**TRY IT**. Of the lines below, copy those that hold the word "Canvas".

**SUPPLIED RECORDS**.
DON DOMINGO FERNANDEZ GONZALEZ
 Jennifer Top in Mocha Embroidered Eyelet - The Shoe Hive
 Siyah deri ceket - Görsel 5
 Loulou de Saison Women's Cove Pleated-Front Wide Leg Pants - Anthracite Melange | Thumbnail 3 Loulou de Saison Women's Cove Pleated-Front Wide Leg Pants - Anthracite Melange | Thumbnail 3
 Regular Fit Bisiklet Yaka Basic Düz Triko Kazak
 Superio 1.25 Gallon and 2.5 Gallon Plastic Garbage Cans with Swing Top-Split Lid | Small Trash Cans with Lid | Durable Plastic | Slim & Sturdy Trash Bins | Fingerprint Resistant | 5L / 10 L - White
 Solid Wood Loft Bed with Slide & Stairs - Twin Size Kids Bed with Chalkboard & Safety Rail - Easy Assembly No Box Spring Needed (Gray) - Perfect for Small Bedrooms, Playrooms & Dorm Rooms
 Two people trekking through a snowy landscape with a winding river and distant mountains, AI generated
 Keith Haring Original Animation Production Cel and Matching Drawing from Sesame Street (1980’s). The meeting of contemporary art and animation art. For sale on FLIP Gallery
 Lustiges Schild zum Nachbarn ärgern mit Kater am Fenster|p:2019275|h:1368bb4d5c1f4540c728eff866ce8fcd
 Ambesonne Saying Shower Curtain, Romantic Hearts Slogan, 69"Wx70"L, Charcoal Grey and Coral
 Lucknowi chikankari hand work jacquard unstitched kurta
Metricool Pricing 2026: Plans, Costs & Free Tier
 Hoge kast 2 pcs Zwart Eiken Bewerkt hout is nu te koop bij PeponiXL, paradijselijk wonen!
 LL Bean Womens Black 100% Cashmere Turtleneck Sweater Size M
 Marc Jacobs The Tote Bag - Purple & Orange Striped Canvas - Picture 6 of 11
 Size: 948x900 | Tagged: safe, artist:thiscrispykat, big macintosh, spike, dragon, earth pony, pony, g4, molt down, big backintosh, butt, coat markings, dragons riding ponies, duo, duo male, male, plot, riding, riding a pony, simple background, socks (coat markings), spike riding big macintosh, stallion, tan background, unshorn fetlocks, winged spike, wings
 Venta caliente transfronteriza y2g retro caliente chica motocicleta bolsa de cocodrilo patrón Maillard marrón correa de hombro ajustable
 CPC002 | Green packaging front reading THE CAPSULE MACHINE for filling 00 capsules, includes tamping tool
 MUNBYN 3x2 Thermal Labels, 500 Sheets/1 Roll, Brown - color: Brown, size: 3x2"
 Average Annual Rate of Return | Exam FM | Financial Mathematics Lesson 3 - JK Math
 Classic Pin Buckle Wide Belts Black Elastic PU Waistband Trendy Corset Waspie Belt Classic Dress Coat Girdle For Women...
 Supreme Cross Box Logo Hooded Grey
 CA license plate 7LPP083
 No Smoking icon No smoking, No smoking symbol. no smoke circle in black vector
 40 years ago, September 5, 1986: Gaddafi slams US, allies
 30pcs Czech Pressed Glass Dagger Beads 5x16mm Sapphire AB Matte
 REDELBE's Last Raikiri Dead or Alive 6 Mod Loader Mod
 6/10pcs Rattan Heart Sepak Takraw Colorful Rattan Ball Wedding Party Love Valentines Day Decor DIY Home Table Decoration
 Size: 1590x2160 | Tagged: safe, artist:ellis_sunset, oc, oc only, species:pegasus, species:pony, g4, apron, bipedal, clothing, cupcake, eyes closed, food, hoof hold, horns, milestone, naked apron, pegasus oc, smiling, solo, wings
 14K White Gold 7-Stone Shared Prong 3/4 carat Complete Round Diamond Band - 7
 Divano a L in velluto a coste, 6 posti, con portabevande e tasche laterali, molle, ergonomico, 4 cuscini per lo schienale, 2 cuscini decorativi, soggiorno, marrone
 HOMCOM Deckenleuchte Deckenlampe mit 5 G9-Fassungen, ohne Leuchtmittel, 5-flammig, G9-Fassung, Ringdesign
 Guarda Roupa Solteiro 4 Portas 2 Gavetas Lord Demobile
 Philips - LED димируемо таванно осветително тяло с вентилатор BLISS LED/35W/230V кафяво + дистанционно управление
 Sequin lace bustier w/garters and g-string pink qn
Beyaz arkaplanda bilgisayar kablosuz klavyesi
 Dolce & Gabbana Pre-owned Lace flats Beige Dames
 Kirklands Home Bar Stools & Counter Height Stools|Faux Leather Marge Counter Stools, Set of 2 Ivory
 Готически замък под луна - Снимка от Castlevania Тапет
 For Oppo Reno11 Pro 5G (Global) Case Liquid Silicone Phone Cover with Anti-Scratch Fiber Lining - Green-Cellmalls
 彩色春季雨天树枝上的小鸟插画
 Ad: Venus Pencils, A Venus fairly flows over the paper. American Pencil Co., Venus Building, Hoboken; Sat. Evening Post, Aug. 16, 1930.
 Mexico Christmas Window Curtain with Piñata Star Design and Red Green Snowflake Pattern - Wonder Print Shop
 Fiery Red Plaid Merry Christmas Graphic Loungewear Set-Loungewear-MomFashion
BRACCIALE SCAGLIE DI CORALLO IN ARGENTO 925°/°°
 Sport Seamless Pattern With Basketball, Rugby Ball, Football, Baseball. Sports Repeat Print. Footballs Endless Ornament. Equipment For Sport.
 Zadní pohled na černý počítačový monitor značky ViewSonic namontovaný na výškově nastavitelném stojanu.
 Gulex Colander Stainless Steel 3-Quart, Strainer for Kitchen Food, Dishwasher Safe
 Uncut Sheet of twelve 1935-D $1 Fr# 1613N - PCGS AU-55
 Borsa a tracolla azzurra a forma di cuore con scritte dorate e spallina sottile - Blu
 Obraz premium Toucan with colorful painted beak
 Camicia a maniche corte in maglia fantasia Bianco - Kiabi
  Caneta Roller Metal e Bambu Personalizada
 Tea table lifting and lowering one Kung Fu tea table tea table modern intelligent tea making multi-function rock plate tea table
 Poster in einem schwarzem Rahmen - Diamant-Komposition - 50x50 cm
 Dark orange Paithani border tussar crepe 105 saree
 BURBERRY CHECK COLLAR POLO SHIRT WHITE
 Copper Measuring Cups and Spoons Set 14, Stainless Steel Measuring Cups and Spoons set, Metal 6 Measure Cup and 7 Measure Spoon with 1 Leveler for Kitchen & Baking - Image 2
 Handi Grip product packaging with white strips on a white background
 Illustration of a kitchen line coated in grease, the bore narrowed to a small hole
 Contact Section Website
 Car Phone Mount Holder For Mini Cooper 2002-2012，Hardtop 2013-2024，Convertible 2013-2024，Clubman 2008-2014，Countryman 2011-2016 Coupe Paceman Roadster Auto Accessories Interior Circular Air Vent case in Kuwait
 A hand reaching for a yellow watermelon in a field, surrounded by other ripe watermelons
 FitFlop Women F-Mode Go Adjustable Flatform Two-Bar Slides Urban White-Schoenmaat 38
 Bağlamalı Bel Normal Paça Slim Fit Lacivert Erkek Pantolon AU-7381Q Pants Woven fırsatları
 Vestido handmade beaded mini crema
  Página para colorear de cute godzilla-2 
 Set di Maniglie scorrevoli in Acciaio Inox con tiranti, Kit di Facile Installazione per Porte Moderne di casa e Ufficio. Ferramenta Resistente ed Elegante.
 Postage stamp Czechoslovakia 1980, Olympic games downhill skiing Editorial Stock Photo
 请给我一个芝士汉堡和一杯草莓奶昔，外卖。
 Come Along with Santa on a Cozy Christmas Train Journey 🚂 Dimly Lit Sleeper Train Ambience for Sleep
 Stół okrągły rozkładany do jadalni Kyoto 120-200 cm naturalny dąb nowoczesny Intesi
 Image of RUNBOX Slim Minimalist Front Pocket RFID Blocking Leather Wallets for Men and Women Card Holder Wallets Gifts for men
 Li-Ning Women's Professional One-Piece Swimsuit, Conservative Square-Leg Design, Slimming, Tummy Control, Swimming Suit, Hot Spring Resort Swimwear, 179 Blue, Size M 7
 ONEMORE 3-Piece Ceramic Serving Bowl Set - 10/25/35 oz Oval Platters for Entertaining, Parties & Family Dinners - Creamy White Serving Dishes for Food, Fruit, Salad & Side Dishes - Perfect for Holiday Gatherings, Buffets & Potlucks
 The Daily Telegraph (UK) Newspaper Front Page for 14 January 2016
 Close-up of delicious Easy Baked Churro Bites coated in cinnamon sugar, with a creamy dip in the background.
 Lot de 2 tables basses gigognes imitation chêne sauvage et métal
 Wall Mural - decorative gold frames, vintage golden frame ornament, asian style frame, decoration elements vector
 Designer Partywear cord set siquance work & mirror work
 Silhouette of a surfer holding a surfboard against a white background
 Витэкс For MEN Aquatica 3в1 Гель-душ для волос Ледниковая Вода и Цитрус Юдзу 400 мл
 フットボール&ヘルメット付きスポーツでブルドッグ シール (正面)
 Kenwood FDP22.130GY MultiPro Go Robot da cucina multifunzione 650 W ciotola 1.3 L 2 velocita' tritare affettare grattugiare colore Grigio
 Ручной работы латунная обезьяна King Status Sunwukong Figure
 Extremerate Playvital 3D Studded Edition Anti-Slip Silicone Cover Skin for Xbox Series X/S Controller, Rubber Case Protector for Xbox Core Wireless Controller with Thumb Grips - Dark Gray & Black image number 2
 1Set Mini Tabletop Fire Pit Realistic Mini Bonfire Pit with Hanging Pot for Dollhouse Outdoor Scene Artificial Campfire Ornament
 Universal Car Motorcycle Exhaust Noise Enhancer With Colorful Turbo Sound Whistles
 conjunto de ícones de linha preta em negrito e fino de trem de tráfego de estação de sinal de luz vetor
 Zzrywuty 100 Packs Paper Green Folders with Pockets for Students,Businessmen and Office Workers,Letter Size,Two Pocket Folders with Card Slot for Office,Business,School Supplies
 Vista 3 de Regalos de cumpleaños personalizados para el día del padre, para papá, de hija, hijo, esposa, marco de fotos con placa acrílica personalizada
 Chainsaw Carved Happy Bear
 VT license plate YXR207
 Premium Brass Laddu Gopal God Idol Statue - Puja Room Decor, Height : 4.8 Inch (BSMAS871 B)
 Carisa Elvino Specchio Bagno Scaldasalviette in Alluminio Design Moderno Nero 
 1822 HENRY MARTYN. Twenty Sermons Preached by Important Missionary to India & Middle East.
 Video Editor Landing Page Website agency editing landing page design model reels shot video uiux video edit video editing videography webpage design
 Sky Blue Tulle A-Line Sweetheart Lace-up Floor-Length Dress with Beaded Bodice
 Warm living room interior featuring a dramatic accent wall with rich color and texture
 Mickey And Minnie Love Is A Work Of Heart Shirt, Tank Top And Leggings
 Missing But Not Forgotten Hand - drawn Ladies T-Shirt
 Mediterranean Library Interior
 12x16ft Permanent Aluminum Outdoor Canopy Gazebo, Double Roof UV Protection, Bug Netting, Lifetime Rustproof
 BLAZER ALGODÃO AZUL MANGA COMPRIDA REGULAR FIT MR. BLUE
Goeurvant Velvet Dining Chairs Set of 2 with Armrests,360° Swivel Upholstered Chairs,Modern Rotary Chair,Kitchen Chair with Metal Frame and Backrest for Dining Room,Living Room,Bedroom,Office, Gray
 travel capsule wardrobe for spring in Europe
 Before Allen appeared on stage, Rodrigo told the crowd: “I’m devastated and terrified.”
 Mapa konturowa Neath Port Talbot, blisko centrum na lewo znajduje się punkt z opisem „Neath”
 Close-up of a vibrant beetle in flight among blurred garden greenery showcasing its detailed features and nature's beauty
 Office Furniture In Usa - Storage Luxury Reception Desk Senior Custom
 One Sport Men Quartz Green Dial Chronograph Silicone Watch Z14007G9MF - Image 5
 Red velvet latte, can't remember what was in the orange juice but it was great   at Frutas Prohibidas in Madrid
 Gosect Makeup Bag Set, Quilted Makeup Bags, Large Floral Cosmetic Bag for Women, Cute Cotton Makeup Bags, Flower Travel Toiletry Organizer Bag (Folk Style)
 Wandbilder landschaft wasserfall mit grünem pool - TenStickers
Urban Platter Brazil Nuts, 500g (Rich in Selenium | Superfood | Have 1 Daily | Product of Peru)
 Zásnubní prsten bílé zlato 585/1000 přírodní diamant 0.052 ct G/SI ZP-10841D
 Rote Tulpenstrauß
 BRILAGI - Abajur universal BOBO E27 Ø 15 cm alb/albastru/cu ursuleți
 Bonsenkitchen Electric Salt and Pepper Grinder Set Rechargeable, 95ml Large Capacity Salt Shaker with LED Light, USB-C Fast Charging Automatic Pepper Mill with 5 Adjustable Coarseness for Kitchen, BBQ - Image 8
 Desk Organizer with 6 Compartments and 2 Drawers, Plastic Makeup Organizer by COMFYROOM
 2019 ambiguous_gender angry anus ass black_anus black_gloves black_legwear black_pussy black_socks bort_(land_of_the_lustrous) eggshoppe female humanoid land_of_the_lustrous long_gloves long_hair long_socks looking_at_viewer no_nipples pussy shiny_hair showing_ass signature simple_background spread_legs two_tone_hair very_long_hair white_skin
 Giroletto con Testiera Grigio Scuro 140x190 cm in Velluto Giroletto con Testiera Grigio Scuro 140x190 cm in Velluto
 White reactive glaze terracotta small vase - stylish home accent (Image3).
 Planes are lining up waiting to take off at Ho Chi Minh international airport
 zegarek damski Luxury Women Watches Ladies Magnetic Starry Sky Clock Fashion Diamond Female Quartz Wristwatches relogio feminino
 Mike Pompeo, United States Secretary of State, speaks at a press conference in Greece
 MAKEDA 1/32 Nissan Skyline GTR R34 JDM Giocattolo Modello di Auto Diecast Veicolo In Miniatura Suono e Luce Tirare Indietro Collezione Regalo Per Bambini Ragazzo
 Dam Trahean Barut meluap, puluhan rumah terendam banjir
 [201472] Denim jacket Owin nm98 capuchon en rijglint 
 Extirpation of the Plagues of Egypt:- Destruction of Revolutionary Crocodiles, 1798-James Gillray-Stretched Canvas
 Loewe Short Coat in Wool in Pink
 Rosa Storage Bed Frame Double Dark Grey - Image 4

**ANSWER FOR THIS EXERCISE**.
 Marc Jacobs The Tote Bag - Purple & Orange Striped Canvas - Picture 6 of 11
 Extirpation of the Plagues of Egypt:- Destruction of Revolutionary Crocodiles, 1798-James Gillray-Stretched Canvas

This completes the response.